Wie sich die beiden Männer begrüßten, zeigte allen, dass Oliver Tielago nicht einfach ein Mensch war, der auf Dr. Seegers Gehaltsliste stand. Auch der zweite Mann, dem Dr. Seeger energisch die Hand schüttelte, musste wohl ein guter Bekannter sein. Sein Name war Dieter Hase. Er war einer der ältesten Bekannten von Dr. Seeger, wie Alexander Müller Annika verriet. Dieter hatte seine Kapuze nicht über den Kopf gezogen, und so zeigte er blonde Haarstoppel, die von großen Geheimratsecken langsam verdrängt wurden. In seinen mageren Gesichtszügen waren ähnlich lange Bartstoppeln, und die dicke kleine Minusbrille verlieh ihm einen nicht geraden gesunden Gesamteindruck. Er war vierundvierzig, sah aber älter aus als Dr. Seeger.

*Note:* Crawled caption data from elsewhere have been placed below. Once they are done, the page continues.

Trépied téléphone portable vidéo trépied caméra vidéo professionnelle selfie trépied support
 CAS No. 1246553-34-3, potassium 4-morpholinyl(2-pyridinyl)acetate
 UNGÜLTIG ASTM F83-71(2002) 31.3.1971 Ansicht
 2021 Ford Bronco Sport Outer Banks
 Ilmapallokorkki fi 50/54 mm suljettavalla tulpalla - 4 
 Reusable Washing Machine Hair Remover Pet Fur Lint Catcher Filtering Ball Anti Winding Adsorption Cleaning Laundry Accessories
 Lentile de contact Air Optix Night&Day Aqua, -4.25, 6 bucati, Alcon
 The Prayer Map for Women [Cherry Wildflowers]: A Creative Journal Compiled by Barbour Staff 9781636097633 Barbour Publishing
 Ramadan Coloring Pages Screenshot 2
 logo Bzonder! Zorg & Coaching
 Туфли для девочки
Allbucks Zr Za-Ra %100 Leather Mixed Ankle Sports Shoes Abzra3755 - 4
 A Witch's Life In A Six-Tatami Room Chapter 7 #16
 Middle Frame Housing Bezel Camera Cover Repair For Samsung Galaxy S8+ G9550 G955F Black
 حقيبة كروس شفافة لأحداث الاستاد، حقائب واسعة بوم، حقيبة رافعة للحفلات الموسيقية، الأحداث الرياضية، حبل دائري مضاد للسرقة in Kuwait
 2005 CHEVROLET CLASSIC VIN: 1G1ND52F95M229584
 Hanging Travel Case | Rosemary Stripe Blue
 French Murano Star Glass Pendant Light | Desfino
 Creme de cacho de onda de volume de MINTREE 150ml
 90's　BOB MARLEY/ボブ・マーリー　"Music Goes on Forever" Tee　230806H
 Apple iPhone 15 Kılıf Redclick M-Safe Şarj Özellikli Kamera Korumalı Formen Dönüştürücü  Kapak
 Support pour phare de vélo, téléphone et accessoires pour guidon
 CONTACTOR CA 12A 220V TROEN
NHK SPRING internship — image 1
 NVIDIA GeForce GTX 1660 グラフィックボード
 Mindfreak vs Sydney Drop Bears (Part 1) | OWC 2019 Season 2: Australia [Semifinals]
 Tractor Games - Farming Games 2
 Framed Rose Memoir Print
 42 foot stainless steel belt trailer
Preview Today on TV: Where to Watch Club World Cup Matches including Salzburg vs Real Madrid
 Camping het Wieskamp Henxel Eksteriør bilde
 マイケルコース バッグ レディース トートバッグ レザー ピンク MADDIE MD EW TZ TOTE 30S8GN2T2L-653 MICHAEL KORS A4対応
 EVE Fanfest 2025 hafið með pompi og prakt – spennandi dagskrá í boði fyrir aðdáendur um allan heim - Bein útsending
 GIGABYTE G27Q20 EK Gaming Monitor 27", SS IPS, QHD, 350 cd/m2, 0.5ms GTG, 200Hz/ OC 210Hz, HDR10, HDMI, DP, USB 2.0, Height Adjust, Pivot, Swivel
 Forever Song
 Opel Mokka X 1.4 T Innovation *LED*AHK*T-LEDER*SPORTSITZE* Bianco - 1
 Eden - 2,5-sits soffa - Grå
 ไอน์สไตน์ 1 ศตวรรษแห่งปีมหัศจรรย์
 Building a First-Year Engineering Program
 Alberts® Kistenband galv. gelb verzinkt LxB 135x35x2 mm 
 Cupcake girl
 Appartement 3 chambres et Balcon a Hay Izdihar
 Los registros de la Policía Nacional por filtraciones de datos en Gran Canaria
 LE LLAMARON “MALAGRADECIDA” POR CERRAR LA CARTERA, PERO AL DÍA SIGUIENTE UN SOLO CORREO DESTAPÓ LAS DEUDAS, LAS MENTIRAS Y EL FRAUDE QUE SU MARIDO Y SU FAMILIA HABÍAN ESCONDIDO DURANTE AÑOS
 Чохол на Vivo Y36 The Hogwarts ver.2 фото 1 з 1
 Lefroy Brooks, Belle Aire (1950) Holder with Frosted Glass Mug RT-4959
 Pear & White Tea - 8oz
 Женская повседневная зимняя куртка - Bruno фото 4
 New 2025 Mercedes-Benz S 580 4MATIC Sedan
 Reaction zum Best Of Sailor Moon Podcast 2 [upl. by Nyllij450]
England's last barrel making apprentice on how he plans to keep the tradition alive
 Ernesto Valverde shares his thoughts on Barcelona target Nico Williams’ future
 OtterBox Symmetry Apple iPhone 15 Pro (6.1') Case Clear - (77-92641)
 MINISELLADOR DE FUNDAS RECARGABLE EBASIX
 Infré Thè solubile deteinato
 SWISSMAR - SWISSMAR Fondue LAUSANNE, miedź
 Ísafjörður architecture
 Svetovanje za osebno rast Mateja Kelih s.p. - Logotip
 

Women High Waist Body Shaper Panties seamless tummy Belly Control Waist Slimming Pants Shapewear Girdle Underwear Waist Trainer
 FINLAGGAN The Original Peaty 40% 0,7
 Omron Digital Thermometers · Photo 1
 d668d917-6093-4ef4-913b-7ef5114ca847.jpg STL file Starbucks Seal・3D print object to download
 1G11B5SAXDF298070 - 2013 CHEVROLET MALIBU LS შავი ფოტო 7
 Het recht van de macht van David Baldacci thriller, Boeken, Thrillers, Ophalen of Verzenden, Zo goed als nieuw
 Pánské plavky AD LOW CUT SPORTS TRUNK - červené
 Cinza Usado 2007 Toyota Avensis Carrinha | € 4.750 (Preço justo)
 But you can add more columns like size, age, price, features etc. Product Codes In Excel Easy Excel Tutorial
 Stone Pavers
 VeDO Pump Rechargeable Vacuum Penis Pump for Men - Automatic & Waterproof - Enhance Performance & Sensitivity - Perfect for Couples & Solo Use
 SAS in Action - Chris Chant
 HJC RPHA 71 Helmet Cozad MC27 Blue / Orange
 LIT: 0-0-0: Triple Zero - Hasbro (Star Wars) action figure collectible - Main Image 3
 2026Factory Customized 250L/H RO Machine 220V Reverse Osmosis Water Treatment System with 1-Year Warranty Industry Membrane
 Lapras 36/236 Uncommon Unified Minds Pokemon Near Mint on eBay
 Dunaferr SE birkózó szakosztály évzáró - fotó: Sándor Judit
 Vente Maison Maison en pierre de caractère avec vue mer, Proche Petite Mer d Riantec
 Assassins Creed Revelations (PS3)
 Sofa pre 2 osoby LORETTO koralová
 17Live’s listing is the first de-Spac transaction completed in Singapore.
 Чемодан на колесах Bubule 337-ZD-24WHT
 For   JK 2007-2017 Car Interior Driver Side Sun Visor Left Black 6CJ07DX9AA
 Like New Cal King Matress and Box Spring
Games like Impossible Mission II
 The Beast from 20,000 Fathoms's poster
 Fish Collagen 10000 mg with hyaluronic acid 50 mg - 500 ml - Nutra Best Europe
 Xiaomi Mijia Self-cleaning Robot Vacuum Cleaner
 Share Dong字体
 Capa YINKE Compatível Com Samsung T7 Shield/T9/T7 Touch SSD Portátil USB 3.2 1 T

Alle Expeditionsteilnehmer hatten über die Laderampen der Helikopter das Eis betreten. Jeder von ihnen trug seine mit Fellrand besetzte Kapuze über dem Kopf und hatte seine getönte Schneeschutzbrille auf. Ohne die aufgenähten Namensschilder konnte man die Teammitglieder nun fast nicht mehr unterscheiden. Bis auf den Verpflegungssupervisor und Annika, die deutlich kleiner war als alle anderen. Alle vom Seegerteam waren von Korbinian aufgefordert worden, in das nahe gelegene Stationsgebäude der KohnenStation zu gehen. Als Tangatjen mit seinen Füßen das Eis betrat, konnte er seine Begeisterung kaum verbergen. Thomas, Jenay und Octavian hingegen hatten das Gefühl, auf einem fremden Planeten gelandet zu sein. Noch nie hatte Annika so klare und saubere Luft eingeatmet. Sie fühlte sich fast etwas schwindelig. Ansonsten fand sie es gar nicht so kalt wie erwartet. Im Gesicht spürte sie eine Spannung, die von der Kälte herrührte, aber sie hatte in manchem deutschen Winter Schlimmeres erlebt. Am Horizont waren schemenhaft Berge zu erkennen, die sich vom klaren Himmel kaum abhoben. Ob das das Transantarktische Gebirge war?